Adding Languages to Writer's Character, Font Menu
Richard Wordingham
richard.wordingham at ntlworld.com
Wed Jun 24 12:54:54 PDT 2015
On Wed, 24 Jun 2015 12:31:16 +0200
Eike Rathke <erack at redhat.com> wrote:
> > >* Allow arbitrary lang tags to be used in a text anywhere
> > OpenDocument allows these - it is just a question of how much
> > LibreOffice supports this.
> It does.
> > I believe the UNO interface supports this,
> > but I won't be sure until I've tried it.
> Simply in a css::lang::Locale set the Language field to "qlt" and in
> the Variant have the language tag, see
> http://api.libreoffice.org/docs/idl/ref/structcom_1_1sun_1_1star_1_1lang_1_1Locale.html
It may be 'simply' to you, but my macro to set the language doesn't
progress beyond the '::' before 'Locale', failing with "Object not
accessible.

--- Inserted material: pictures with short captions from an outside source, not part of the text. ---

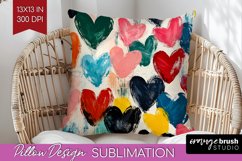 Hearts Pillow Sublimation - Valentines Day Pillow Cover PNG Product Image 1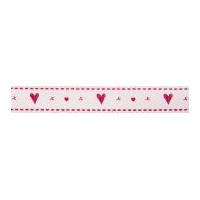 15mm Berisford Hearts & Kisses Print Ribbon 1 Natural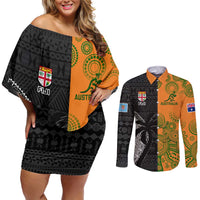 Custom Fiji And Australia Rugby Couples Matching Off Shoulder Short Dress and Long Sleeve Button Shirt Fijian Tapa Pattern With Aussie Aboriginal Art LT14 Black - Polynesian Pride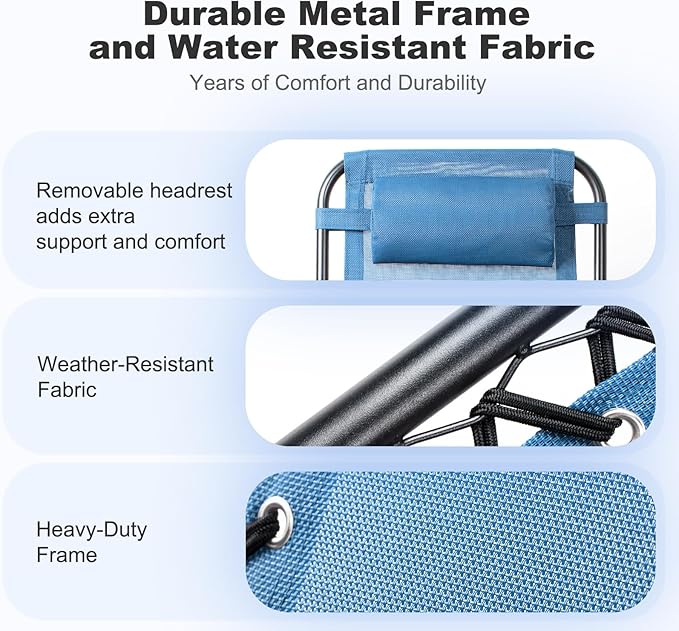 Nazhura Set of 2 Relaxing Recliners Patio Chairs Adjustable Steel Mesh Zero - Image 5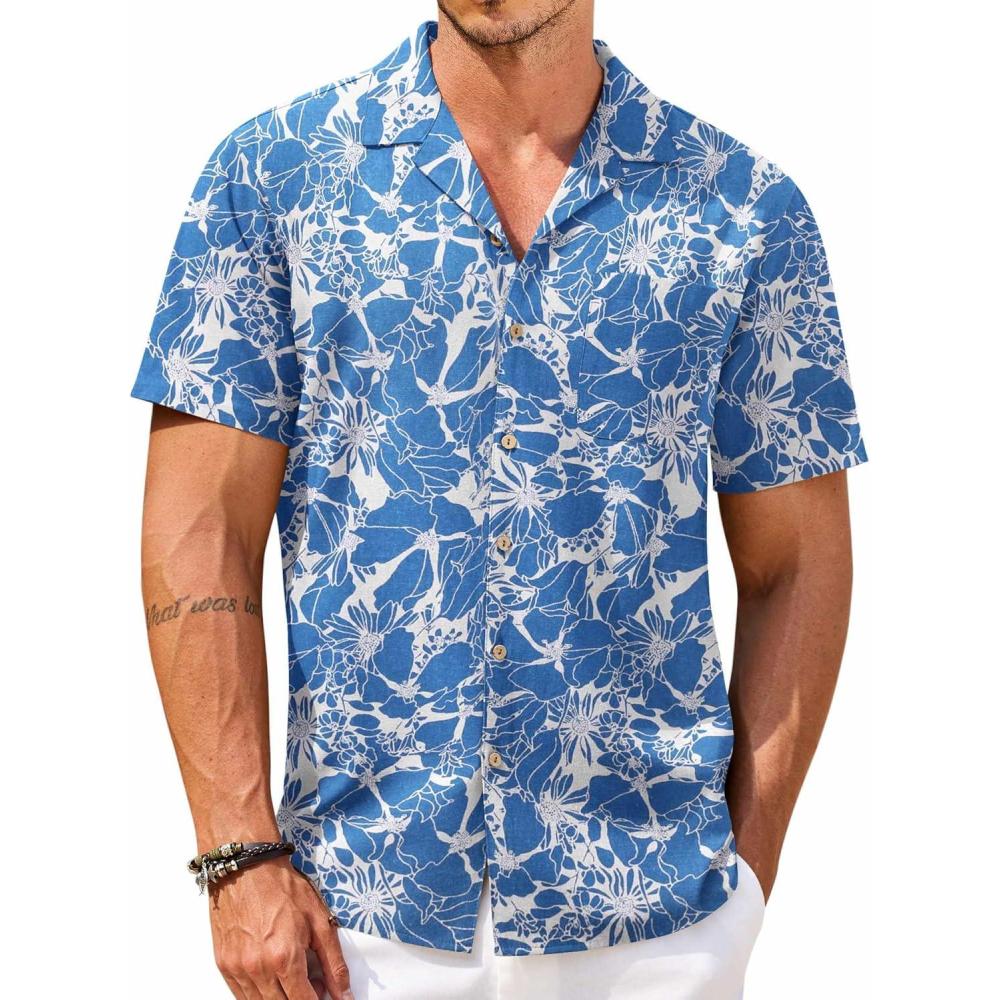 imageCOOFANDY Mens Hawaiian Shirts Short Sleeve Casual Button Down Tropical Beach ShirtB Blue Floral
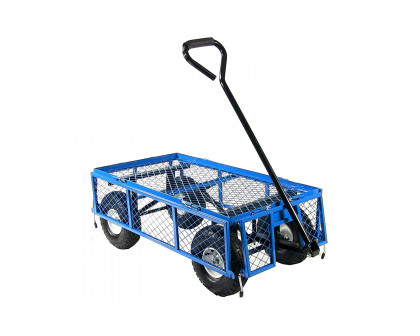 FaFurn Heavy Duty Steel Garden Utility Cart Wagon with Removable Sides - Blue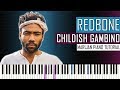 How To Play: Childish Gambino - Redbone | Piano Tutorial + Sheets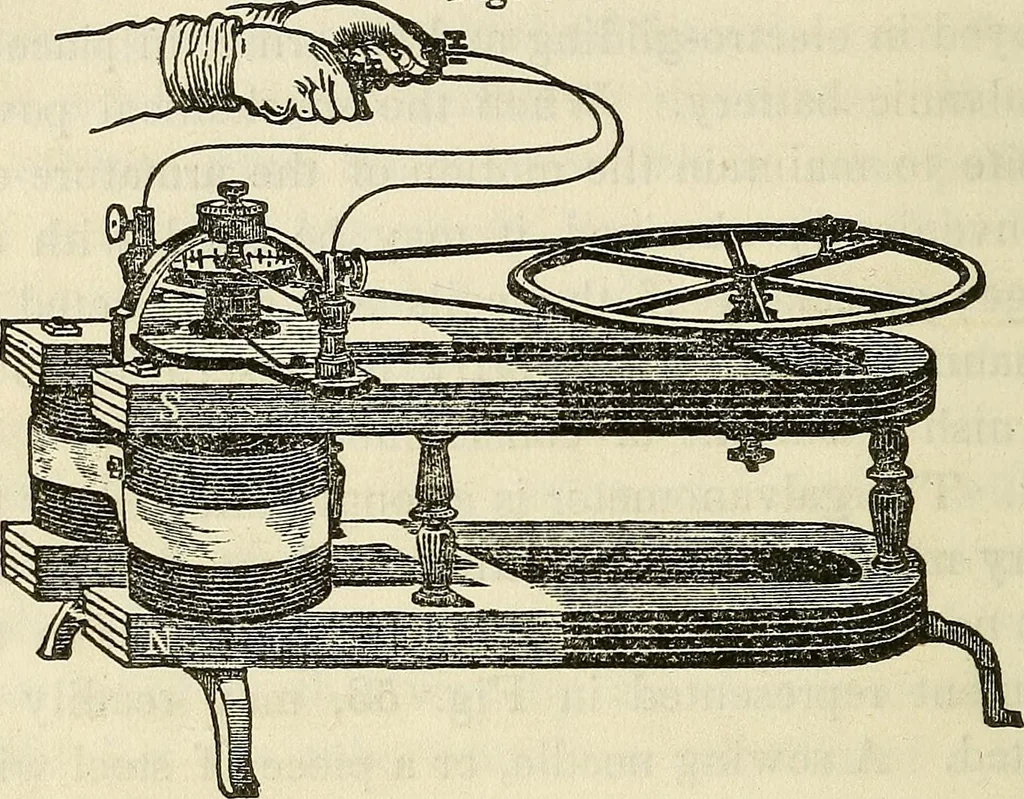 An illustration from Davis's manual of magnetism : including galvanism, magnetism, electro-magnetism, electro-dynamics, magneto-electricity, and thermo-electricity, 1854, leaf 295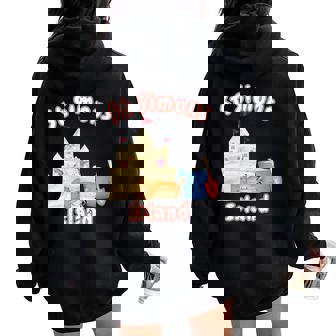 St Simons Island Georgia Whimsy Beach Sand Castle Crab Women Oversized Hoodie Back Print | Mazezy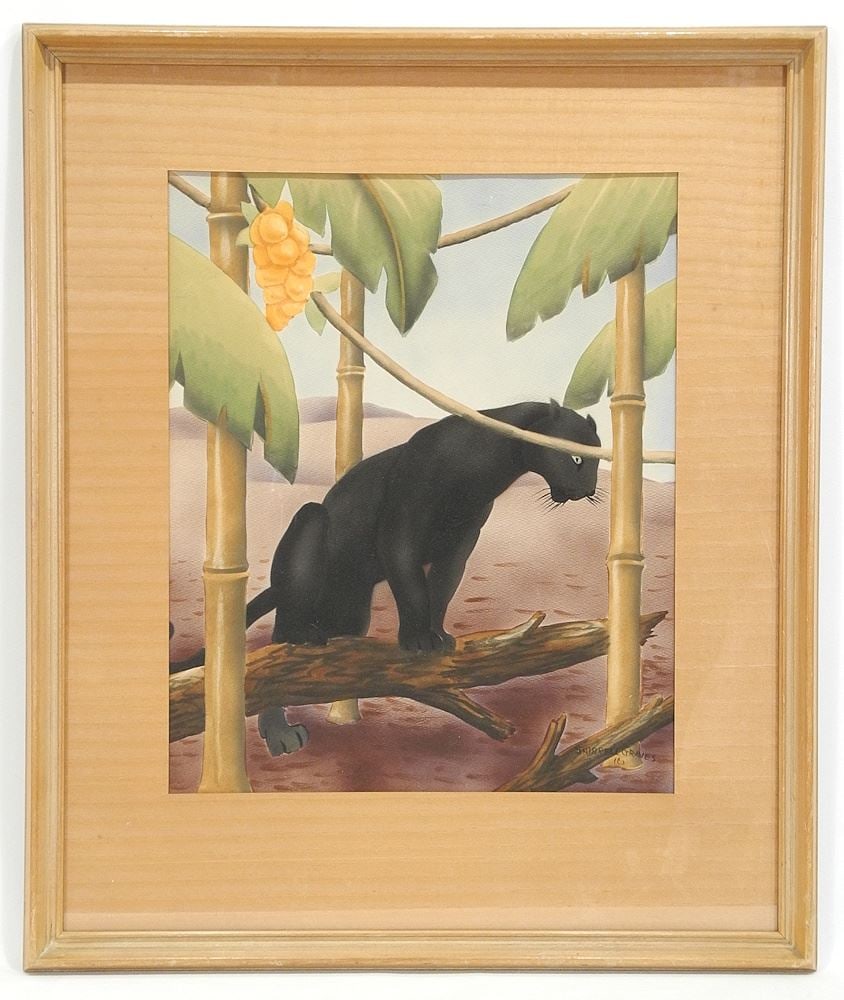 Air Brush signed Shirrell Graves, 17 x 13 3/4", "Black Panther". (1 of 3)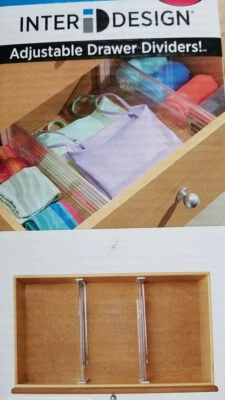 InterDesign Clear Adjustable Drawer Dividers Organizer set of 2 - Image 1 of 4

Invalid object reference." I was using vanilla LibreOffice
4.3.3.2. My macro shorn of superfluous comments read:
sub Tai_Lue3
dim dispatcher as object
ThisComponent.CurrentController.Frame dispatcher =
createUnoService("com.sun.star.frame.DispatchHelper")
' dim args1(0) as new com.sun.star.beans.PropertyValue
' dim args1(0) as new css::lang::Locale
' dim args1(0) as new com::sun::star::lang::Locale
dim args1(0) as new com::sun::star::lang::locale
args1(0).Language ="qlt"
args1(0).Variant ="khb-CN"
dispatcher.executeDispatch(document, ".uno:Language", "", 0, args1())
end sub
The macro recorded from using the combobox just records the LCID
generated on the fly, which is not much use. It wouldn't mean the same
from editing session to editing session.
> > >* Be able to associate a language with CTL/CJK.
> > This is impossible for a few languages. Several languages exist in
> > competing scripts of different categories - Sanskrit and Pali may be
> > written in the Latin script as well as in Indic scripts, and I think
> > Sanskrit is also available in CJK. Several languages are used in
> > both the Latin script and in the national CTL script or in the
> > Arabic script.
>
> Then you will have different language tags that include the script,
> and have one associated with "Western" and one with CTL. I don't see
> the problem.
I am having great difficulty seeing why one should want to specify the
script for a barely supported writing system, let alone the class of
script. My thought was that the language code would suffice. The script
is generally implicit in the text. As far as text properties are
concerned, the class of script would be implicit in the box in which
the language name was entered.
Richard.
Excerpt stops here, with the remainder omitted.